İhtiyaç sahibi kadınlarla iletişim kurabilme güçlüğü de bu sorunlara bir yenisini ekliyor.
Sosyal Sorumluluk Merkezi'nden Jessica Olney, “Kadınların çoğu kocalarını kaybettiği için ailenin reisi olmak durumunda kalmış. Ve bu kadınlar, hizmetlerin nasıl işlediğini ve onlara nasıl ulaşacaklarını hala anlamaya çalışıyor. Hizmete erişim haklarını arayacak tecrübeleri olmadığından o hizmetler olmadan yaşıyorlar ve bu durum da onları daha da savunmasız hale getiriyor,” şeklinde konuşuyor.

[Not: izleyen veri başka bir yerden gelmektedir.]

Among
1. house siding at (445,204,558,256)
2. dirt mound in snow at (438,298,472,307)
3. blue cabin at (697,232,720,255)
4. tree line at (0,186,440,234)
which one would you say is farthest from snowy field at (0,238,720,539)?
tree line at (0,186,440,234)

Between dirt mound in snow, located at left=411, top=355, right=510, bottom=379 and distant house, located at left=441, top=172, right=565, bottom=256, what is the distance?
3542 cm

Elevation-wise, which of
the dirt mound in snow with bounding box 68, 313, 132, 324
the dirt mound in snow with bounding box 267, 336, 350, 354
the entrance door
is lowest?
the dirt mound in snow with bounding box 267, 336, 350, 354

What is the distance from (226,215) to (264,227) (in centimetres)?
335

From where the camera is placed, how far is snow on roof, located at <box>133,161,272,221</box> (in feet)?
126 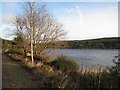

Uluslararası Göç Örgütü gibi sivil toplum kuruluşları kadınların uzmanlardan tedavi, sosyal ve psikolojik destek gibi yardım alabilecekleri “güvenli bölgeler” inşa ediyor.
Uluslararası Göç Merkezi'nden Fiona MacGregor, “Bu merkezle, sadece kadınların bulunduğu ve onlar için önemli şeyleri konuşabildikleri güvenli yerler. İhtiyaçlarının neler olduğunu dinlemek ve bunlarla başa çıkma yolları bulmak için iyi bir fırsat,” diyor.
Myanmar’da durum kurtarma çalışmalarından, rehabilitasyon çabalarına dönüyor. Ancak ülkedeki şiddet olaylarının sorumluları için adaletin ne zaman yerini bulacağı bilinmiyor.